On Writing: On not.

I walk through Horley, on the Hornton Road. I walk beneath the dark belly of a ley lundai, smelling foreign woods in the Oxfordshire air: hot dust, pine resin. A woodpigeon coo-coo,cichoos above my head. It’s almost dark, goose-bumps rise like velcro teeth on my arms. A car pulls out from Sor Brook Farm, the driver flicking on its lights, not seeing me beneath the trees.

I walk on, watching my feet, my brown toes with dark-red nail polish, slow-moving in the heavy dusk. My once-sparkled silver flipflops are desultory in their sound: slip-slap. Slip…slap.

Then I feel his footsteps, sliding through mine.

‘Where’ve you been?’ he asks, and I hear his tone. Aggrieved. As if I’ve no right. ‘Why don’t you write any more?’

‘I do,’ I tell him. My voice is mild.

‘You don’t,’ he says. ‘Not what anyone can read, anyway. So what’s the point?’

I watch my feet. Slip-slap.

‘So’s that it?’ he says. ‘You’ve finished?’

I stop, pushing my hands down, past my denim shorts, them clumsily back, searching for the too-tight pockets. My hands. Usually so busy: dog leads, children’s plaits; zips, stuck dolly-clothes, un-stuck lego. Shopping bags, wooden spoons, fistfuls of flowers. The keyboard of my laptop.

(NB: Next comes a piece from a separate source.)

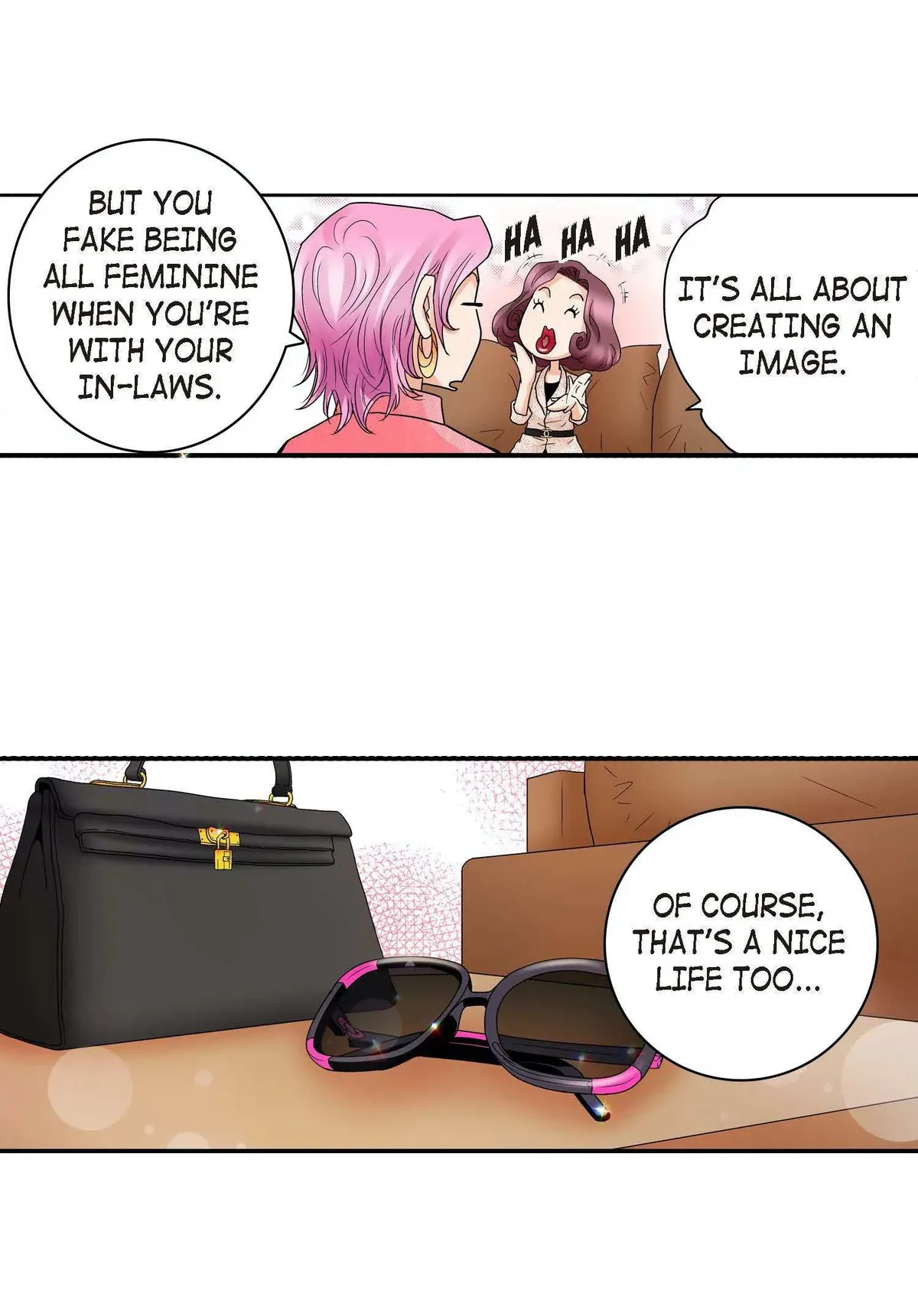 Noona Fan Chapter 28 page 41 -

I pull them free, and look at them. Feel the need in my fingers, the buzz of a strength that was gone, and is now returning.

‘I’ll write,’ I say.

He steps towards me. ‘You did it again,’ he says. He lifts a hand as if to touch my arm, but we both know he never will. ‘You got lost, didn’t you?’

‘No,’ I say. ‘Not so bad. I got tired, this time. Just tired.’

‘So you’ll write?’

I nod. ‘I’m back,’ I want to say, but my words stick fast to my teeth, like too many toffees. By the time my tongue works them free, he’s gone.

I turn for home, and I feel it again, through my bones. The beat of something joyous. The re-starting of an energy that I don’t control but depend upon utterly. The energy without which my world is miserable and beige, everything I love beyond a curtain I cannot draw.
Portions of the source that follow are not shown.